Amyotrophic Lateral Sclerosis Clinical Trial
Official title:
Phase IIA Open Label Trial of Memantine in Combination With Riluzole (Customary Care) for the Treatment of ALS
Tau, a protein in the cerebrospinal fluid CSF is believed to be elevated in amyotrophic lateral sclerosis (ALS) patients. The investigators believe that Tau is truly a marker of increased neuronal death from any disease process. It is been shown that Memantine can inhibit and reverse the abnormal hyperphosphorylation of Tau and therefore the investigators are looking at the efficacy of Memantine at 10 mg twice a day (BID) to see if disease progression correlates with possible changes in Tau in ALS patients based on ALS Functional Rating Scale (ALSFRS) scores.

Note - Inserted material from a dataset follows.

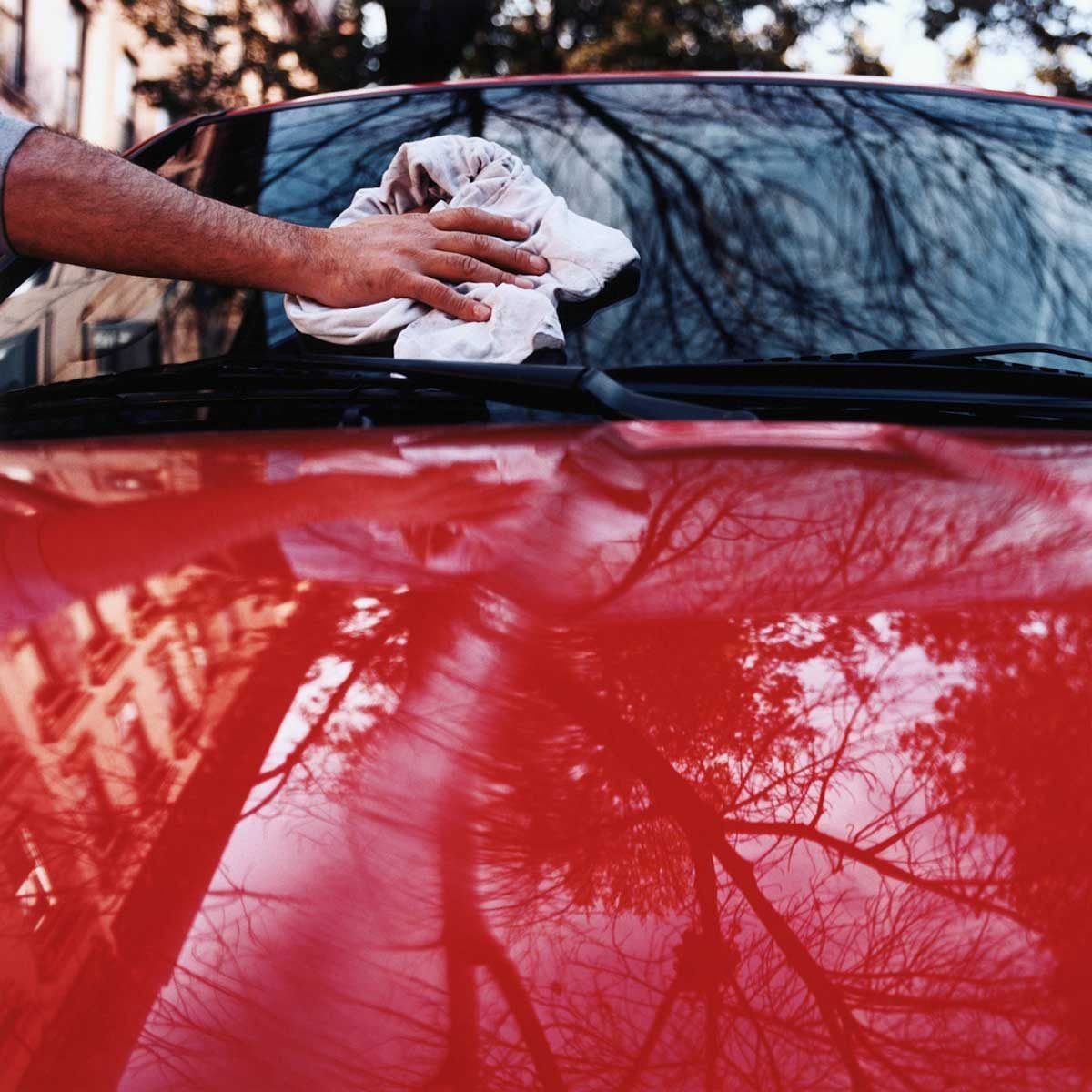 A hand wipes a white cloth across a shiny red car hood, reflecting tree branches and a building in a natural outdoor setting.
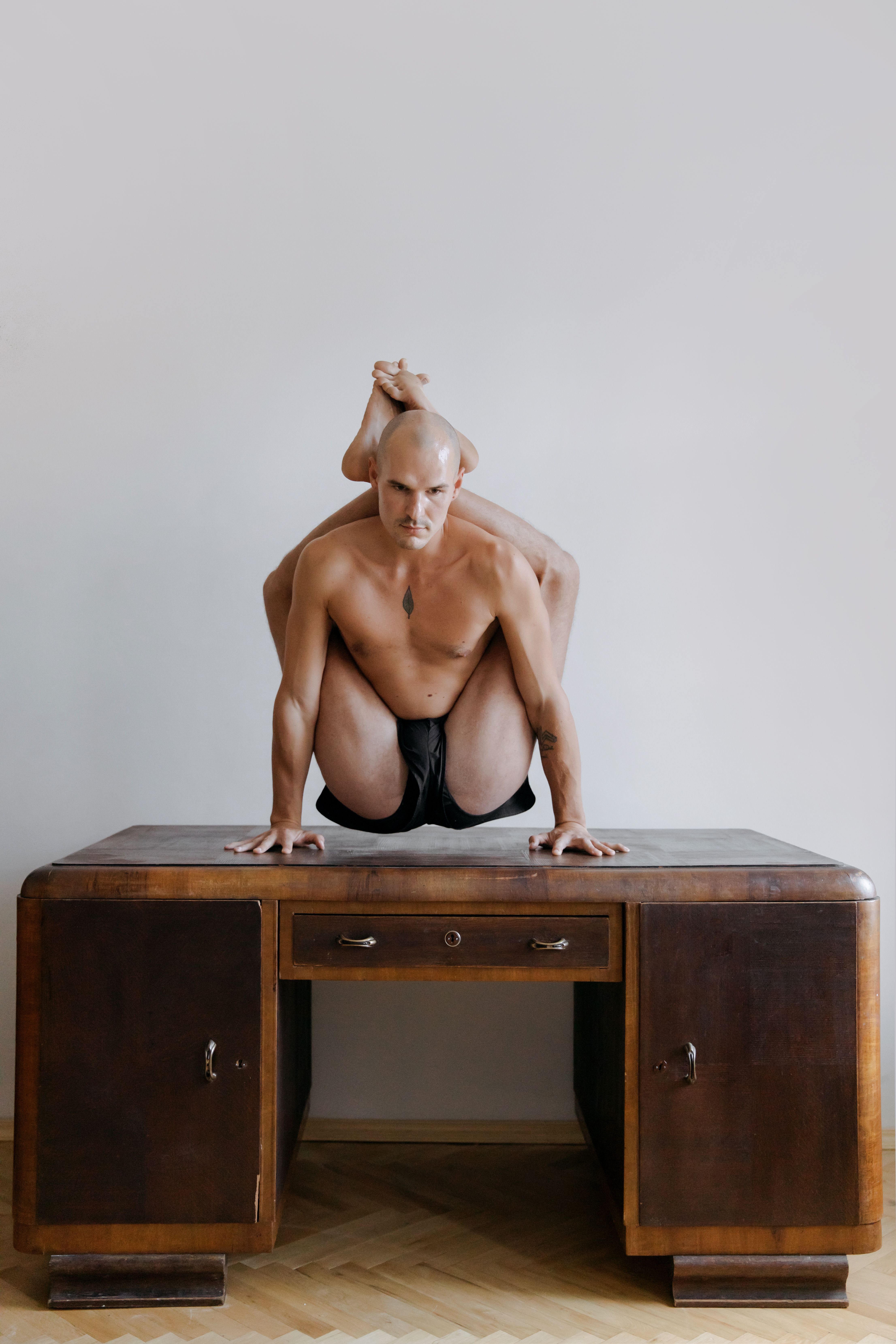 Flexible bald man balancing on a wooden desk demonstrating advanced yoga pose indoors.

We have been very interested in the role of developing a more active anti-excitotoxic
cocktail for patients with ALS. As part of this interest we have been investigating
potential markers for disease progression. One of our candidate markers has been the
presence of elevated levels of TAU in the CSF of patients with ALS. While the presence of
Tau was originally described as being used for adjunctive diagnostic testing in patients
with Alzheimer's disease it has become clear that many neurodegenerative diseases possess
elevated levels of Tau in the CSF. Therefore Tau is truly a marker of increased neuronal
death from any disease process.
While levels of Tau have not been studied in depth in ALS, there was one report in 2003
which showed that 70% of ALS patients have elevated levels of Tau in their CSF (Sussmuth et
al). We have also collected a series of 24 patients with clinically definite ALS and found
that 22 of them had elevated levels of Tau at the time of diagnosis.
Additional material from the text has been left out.